The problem is, a string of well-meaning but amazingly risk-averse managers came in and killed the soul of the company by introducing enough bureaucracy that the team and I no longer cared to bang our heads against brick walls anymore.

If the leadership doesn't a) understand product, b) understand business, c) know/respect good engineering, or d) have "fuck you, we're doing this" authority ... it will fail in spectacular ways through a series of seemingly good short-term decisions, it's just a matter of time.

Combine product, business, engineering, and authority to lead, sprinkle in some ethics and respect for your customers/employees, and baby you've got a stew going.

This whole privacy mess in home & so-called "IoT" is a result of people who don't even know what would be required to operate ethically with such powerful technology in the first place. I believe they are mostly good people, they just don't have the mindset or philosophy to know what to do. It kinda makes me misty-eyed. They know where to find me if it sounds like some of this could help... I'd be happy to try and get the band back together again.

Oh man this sounds like my experience at google. The unlimited stream of money on our project meant avoiding risk was too easy. I feel like I could have done a lot of good for way less money but nobody was interested in new ideas from folks in the trenches.

I know what you mean. Product engineering gets weird when you remove all constraints, and you actually end up hobbled instead of empowered by the "resources".

I think if they made projects require independent profitability (after a startup period), a lot of that weirdness would go away and customers would be happier too.

I don't understand. If I were running a project with unlimited money, I'd engineer it so that it would never send data to me (it would work over LAN, VPN, and a cloud service used only to establish a direct link between the camera and the viewing device) and wouldn't be subscription based. That's ethical design. It seems to me the projects were indeed constrained, and most of the weirdness in IoT can be attributed to the core constraint: since the business model of selling crappy hardware as a loss leader to hook people on an Internet service is allowed to exist, it's very hard to compete without doing it.

Every rung you climb between client-server towards fully distributed increases software difficulty non-linearly.

It seems simple at the outset, but once you actually try to build a complex business/product like this one you realize you have to start with something simple just to get the money to fund something more complex/better.
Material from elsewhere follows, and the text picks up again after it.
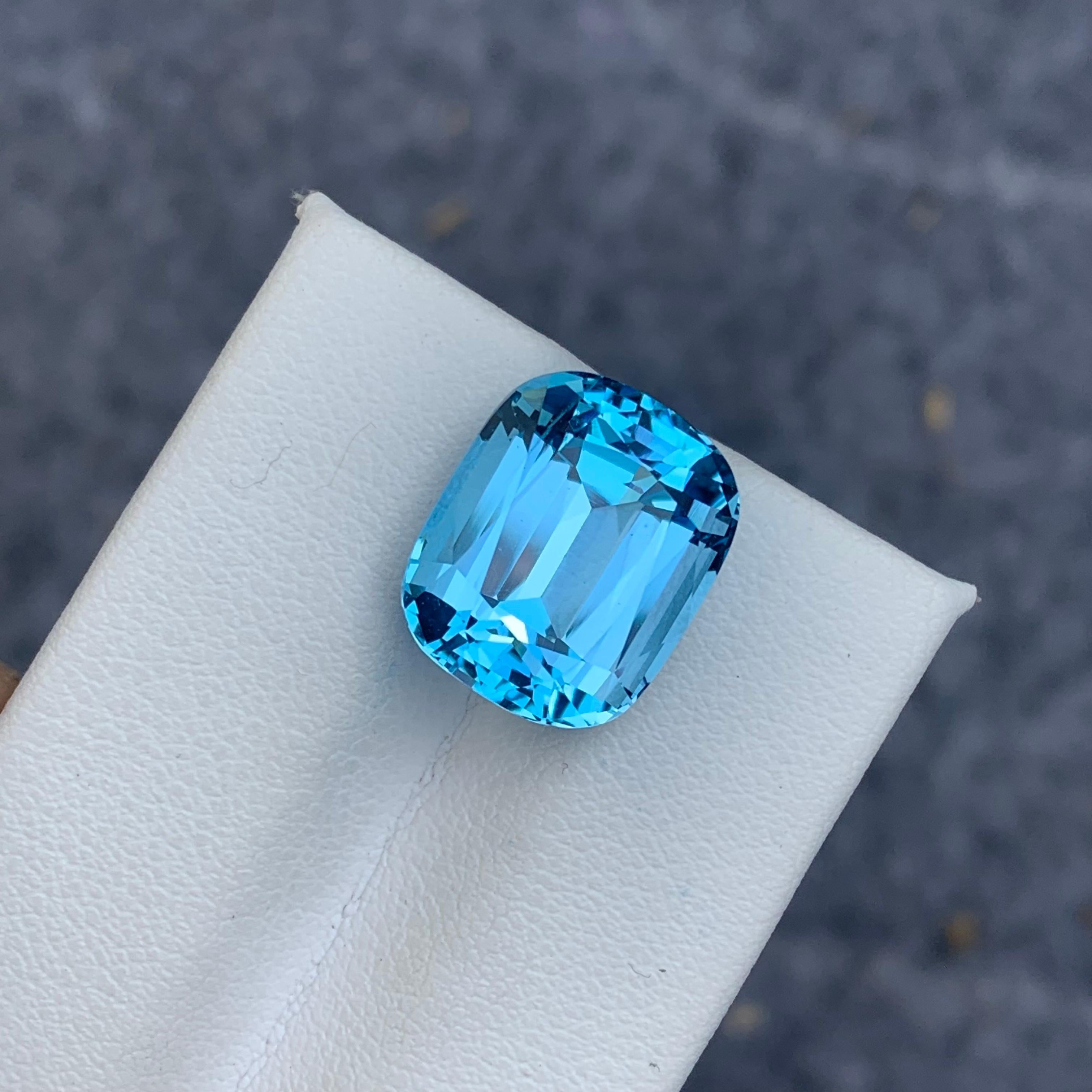 Elegante Topacio azul celeste suelto de 13,35 quilates de Brasil con facetas en cojín en Nuevo estado para la venta en Peshawar, PK
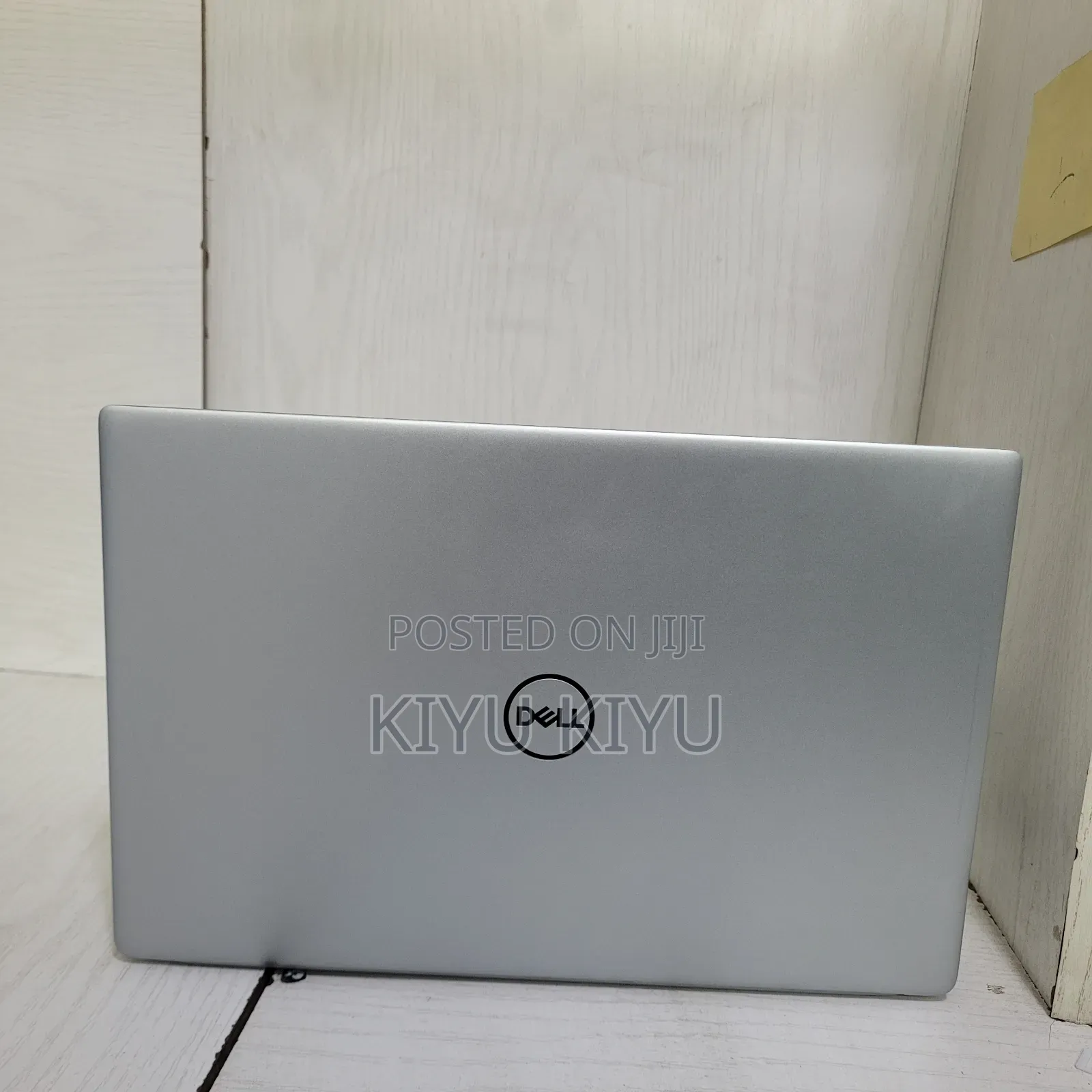 New Laptop Dell Inspiron 15 8GB Intel Core I7 SSD 256GB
RE: internet service loss leader model, I think it can be beat with a better product and a better model. But someone is still always going to need to pay to maintain and update software, and it seems fair to profit off of that as long as you allow for competition (& that's where I believe the law should e better protect consumers).

> Every rung you climb between client-server towards fully distributed increases software difficulty non-linearly.

That's true. In my mind, fully distributed doesn't have to be the goal. I believe the number one problem for getting people to talk to their smart devices are NATs. I imagine a cloud service responsible only for NAT punching, and all the actual communication between user's smartphone and smart device happening directly (or rather, between the smartphone and home hub). It's probably more complex in practice than I think it is, but I can't think of an obvious show stopper.

> But someone is still always going to need to pay to maintain and update software

I think this is mostly a self-inflicted problem (or rather, a problem created and then used as an additional justification for subscription models). E.g. for a lightbulb, there's only few bytes of data that needs to be transmitted over the control channel. On/off state, color, intensity - setting them in one direction, reporting in another. That + overhead of whatever communication protocol is used. Such a device doesn't need an update. There's nothing to update there. The hub might, but arguably, hubs are designed overcomplicated too. But vendors seem to like to put a whole software stack on the devices, which now creates an attack surface that doesn't need to exist in the first place - and suddenly, security updates are required.

I think I understand where you are coming from, and I've thought similarly before.

But billion-dollar companies have been made almost purely on "NAT punching". I've written the code, and it's more complex than it seems.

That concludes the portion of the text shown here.